_Caption-style text data_
════════

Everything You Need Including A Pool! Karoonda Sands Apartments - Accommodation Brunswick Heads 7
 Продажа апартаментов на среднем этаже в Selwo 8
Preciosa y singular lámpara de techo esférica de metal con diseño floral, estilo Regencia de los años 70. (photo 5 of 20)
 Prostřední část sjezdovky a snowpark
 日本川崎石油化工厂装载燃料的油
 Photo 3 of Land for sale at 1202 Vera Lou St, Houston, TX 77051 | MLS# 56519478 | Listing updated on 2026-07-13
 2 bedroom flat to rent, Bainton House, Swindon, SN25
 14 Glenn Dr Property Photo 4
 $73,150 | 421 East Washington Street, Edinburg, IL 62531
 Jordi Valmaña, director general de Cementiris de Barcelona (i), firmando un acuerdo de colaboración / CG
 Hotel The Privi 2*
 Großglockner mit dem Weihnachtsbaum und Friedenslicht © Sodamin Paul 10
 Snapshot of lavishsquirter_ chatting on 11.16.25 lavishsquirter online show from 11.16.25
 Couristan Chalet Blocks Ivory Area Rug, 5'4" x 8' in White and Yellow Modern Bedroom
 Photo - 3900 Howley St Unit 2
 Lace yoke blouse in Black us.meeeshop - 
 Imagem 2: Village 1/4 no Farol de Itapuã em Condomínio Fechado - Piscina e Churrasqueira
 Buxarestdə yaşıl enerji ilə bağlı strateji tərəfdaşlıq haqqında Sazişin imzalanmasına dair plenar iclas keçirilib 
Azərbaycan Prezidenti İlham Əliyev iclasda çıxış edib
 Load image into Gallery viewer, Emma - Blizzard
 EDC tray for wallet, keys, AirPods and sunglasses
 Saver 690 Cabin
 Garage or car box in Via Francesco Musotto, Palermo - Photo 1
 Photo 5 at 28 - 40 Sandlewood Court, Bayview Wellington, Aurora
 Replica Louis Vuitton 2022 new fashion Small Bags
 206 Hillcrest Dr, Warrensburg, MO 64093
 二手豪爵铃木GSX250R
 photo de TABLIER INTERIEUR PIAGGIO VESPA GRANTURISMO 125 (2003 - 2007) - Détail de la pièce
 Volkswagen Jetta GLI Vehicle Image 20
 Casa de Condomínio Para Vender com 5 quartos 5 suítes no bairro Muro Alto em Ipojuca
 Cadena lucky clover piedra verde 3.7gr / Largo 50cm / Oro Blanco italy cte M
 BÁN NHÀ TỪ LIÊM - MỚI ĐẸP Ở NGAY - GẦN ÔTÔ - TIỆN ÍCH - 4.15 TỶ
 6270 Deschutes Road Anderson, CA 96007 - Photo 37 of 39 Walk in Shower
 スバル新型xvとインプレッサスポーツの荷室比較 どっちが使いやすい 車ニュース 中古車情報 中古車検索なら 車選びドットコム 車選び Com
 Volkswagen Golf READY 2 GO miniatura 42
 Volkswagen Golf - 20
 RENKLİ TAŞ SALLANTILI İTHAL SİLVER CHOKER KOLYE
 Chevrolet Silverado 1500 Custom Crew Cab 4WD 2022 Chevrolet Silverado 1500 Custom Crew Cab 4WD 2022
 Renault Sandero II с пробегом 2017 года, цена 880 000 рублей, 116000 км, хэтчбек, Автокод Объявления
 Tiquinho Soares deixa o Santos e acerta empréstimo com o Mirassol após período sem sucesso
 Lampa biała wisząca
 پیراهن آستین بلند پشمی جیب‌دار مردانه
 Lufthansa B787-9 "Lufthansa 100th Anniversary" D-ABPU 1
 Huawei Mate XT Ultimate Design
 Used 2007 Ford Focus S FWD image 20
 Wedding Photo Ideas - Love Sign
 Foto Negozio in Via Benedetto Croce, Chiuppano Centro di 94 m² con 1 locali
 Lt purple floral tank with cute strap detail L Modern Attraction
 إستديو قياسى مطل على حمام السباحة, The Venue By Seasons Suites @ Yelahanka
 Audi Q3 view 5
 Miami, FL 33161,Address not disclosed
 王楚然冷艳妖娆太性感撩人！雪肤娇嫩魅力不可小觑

════════

_What you need to do_
Copy every entry exactly; no part may be left out.

_The completed task_
Everything You Need Including A Pool! Karoonda Sands Apartments - Accommodation Brunswick Heads 7
 Продажа апартаментов на среднем этаже в Selwo 8
Preciosa y singular lámpara de techo esférica de metal con diseño floral, estilo Regencia de los años 70. (photo 5 of 20)
 Prostřední část sjezdovky a snowpark
 日本川崎石油化工厂装载燃料的油
 Photo 3 of Land for sale at 1202 Vera Lou St, Houston, TX 77051 | MLS# 56519478 | Listing updated on 2026-07-13
 2 bedroom flat to rent, Bainton House, Swindon, SN25
 14 Glenn Dr Property Photo 4
 $73,150 | 421 East Washington Street, Edinburg, IL 62531
 Jordi Valmaña, director general de Cementiris de Barcelona (i), firmando un acuerdo de colaboración / CG
 Hotel The Privi 2*
 Großglockner mit dem Weihnachtsbaum und Friedenslicht © Sodamin Paul 10
 Snapshot of lavishsquirter_ chatting on 11.16.25 lavishsquirter online show from 11.16.25
 Couristan Chalet Blocks Ivory Area Rug, 5'4" x 8' in White and Yellow Modern Bedroom
 Photo - 3900 Howley St Unit 2
 Lace yoke blouse in Black us.meeeshop - 
 Imagem 2: Village 1/4 no Farol de Itapuã em Condomínio Fechado - Piscina e Churrasqueira
 Buxarestdə yaşıl enerji ilə bağlı strateji tərəfdaşlıq haqqında Sazişin imzalanmasına dair plenar iclas keçirilib 
Azərbaycan Prezidenti İlham Əliyev iclasda çıxış edib
 Load image into Gallery viewer, Emma - Blizzard
 EDC tray for wallet, keys, AirPods and sunglasses
 Saver 690 Cabin
 Garage or car box in Via Francesco Musotto, Palermo - Photo 1
 Photo 5 at 28 - 40 Sandlewood Court, Bayview Wellington, Aurora
 Replica Louis Vuitton 2022 new fashion Small Bags
 206 Hillcrest Dr, Warrensburg, MO 64093
 二手豪爵铃木GSX250R
 photo de TABLIER INTERIEUR PIAGGIO VESPA GRANTURISMO 125 (2003 - 2007) - Détail de la pièce
 Volkswagen Jetta GLI Vehicle Image 20
 Casa de Condomínio Para Vender com 5 quartos 5 suítes no bairro Muro Alto em Ipojuca
 Cadena lucky clover piedra verde 3.7gr / Largo 50cm / Oro Blanco italy cte M
 BÁN NHÀ TỪ LIÊM - MỚI ĐẸP Ở NGAY - GẦN ÔTÔ - TIỆN ÍCH - 4.15 TỶ
 6270 Deschutes Road Anderson, CA 96007 - Photo 37 of 39 Walk in Shower
 スバル新型xvとインプレッサスポーツの荷室比較 どっちが使いやすい 車ニュース 中古車情報 中古車検索なら 車選びドットコム 車選び Com
 Volkswagen Golf READY 2 GO miniatura 42
 Volkswagen Golf - 20
 RENKLİ TAŞ SALLANTILI İTHAL SİLVER CHOKER KOLYE
 Chevrolet Silverado 1500 Custom Crew Cab 4WD 2022 Chevrolet Silverado 1500 Custom Crew Cab 4WD 2022
 Renault Sandero II с пробегом 2017 года, цена 880 000 рублей, 116000 км, хэтчбек, Автокод Объявления
 Tiquinho Soares deixa o Santos e acerta empréstimo com o Mirassol após período sem sucesso
 Lampa biała wisząca
 پیراهن آستین بلند پشمی جیب‌دار مردانه
 Lufthansa B787-9 "Lufthansa 100th Anniversary" D-ABPU 1
 Huawei Mate XT Ultimate Design
 Used 2007 Ford Focus S FWD image 20
 Wedding Photo Ideas - Love Sign
 Foto Negozio in Via Benedetto Croce, Chiuppano Centro di 94 m² con 1 locali
 Lt purple floral tank with cute strap detail L Modern Attraction
 إستديو قياسى مطل على حمام السباحة, The Venue By Seasons Suites @ Yelahanka
 Audi Q3 view 5
 Miami, FL 33161,Address not disclosed
 王楚然冷艳妖娆太性感撩人！雪肤娇嫩魅力不可小觑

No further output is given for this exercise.